All’interno della regione mediorientale sorprendentemente è arrivata un’adesione informale verso Israele a danno di Teheran. Il regno hashemita di Giordania ha partecipato all’azione collettiva in risposta all’attacco che, secondo la versione ufficiale fornita dal governo si è trattata di un’azione scaturita per difesa dei suoi cieli. Secondo fonti del Wall Street Journal, l’Arabia Saudita e gli Emirati Arabi avrebbero fornito informazioni durante le ore critiche dell’attacco a Washington.

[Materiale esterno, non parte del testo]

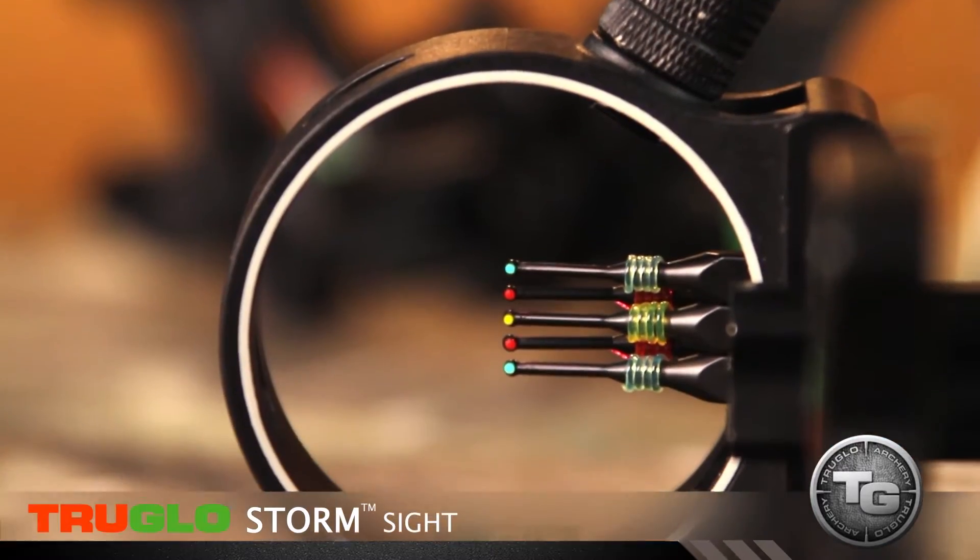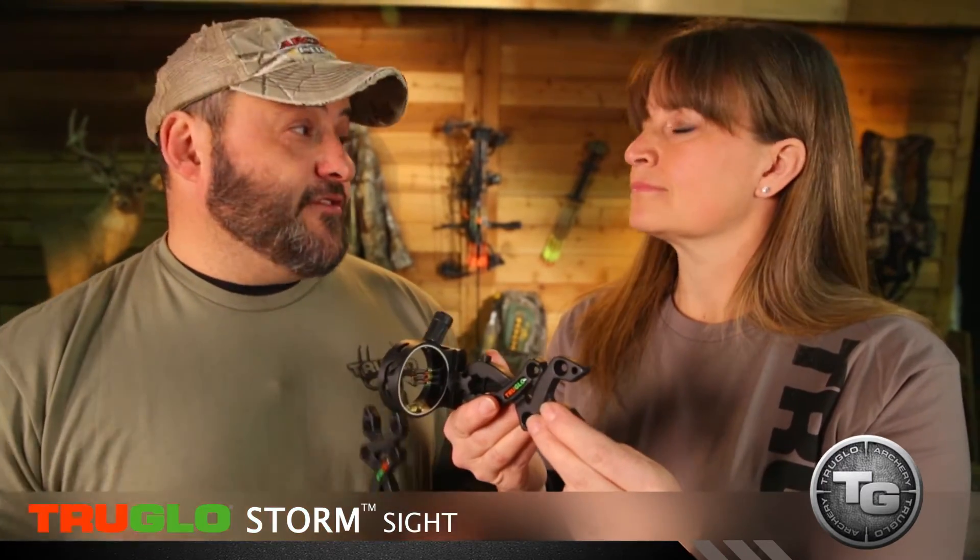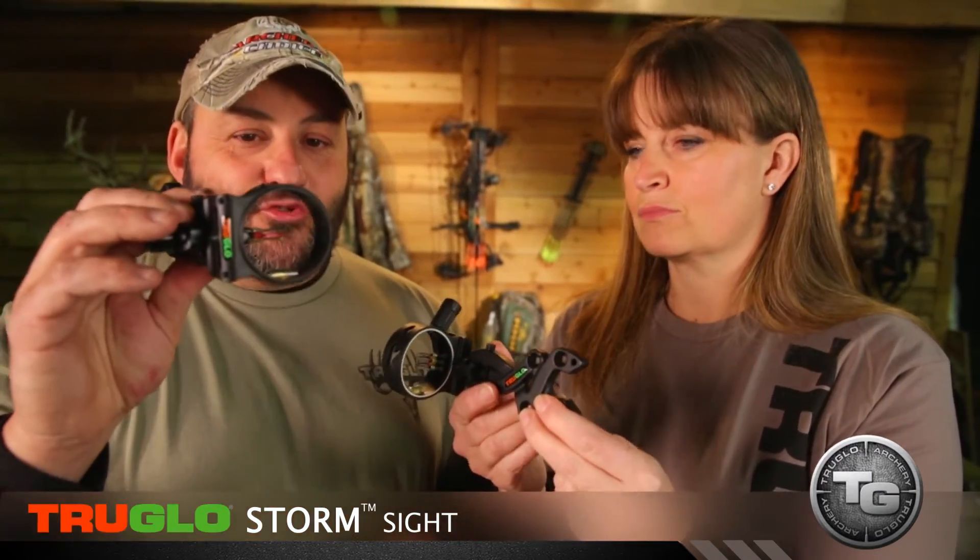You have a two inch diameter aperture. The five pin comes with a light, and either one is fully adjustable for right or left handed shooters. You still have the glow in the dark shooting ring to help you sight in during lower light situations. The bottom line: when you're looking for a great sight at a super affordable price and you don't have to worry about it breaking, True Glow Storm.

La situazione di alleanze con i paesi arabi sunniti va inquadrata nell’ambito degli accordi di Abramo. Attraverso questi legami diplomatici si sono rafforzate le relazioni in ambito securitario, nonostante l’Arabia Saudita non abbia firmato alcun patto con Israele. La monarchia saudita non potrà essere alleata della Repubblica islamica che sta portando avanti la Proxy War, ossia sta intessendo una fitta rete con diversi gruppi della regione per perseguire i propri interessi strategici.
La guerra per procura prevede che gli attori statali, noti anche con il termine di mandanti possano perseguire i propri obiettivi affidandosi ad attori non statali chiamati agenti che operano come intermediari o mandanti. I diversi gruppi sono gli sciiti Hezbollah in Libano, gli Houthi nello Yemen e i sunniti di Hamas a Gaza e diversi miliziani tra Siria e Iraq.
Tel Aviv ha bisogno di guardare verso gli alleati. Senza la Middle East Air Defense (MEAD) alleanza politico-militare può darsi che Israele non avrebbe avuto un sistema di difesa tale da proteggersi dai numerosi droni. Intanto, la risposta di Israele non si è fatta attendere. L’attacco è avvenuto nella notte colpendo la zona di Esfahan. Secondo fonti ufficiali iraniane è stata colpita una base aerea militare vicino alla zona di Esfahan, ma i siti nucleari si trovano in “totale sicurezza”. Gli alleati lavorano per evitare un ulteriore escalation.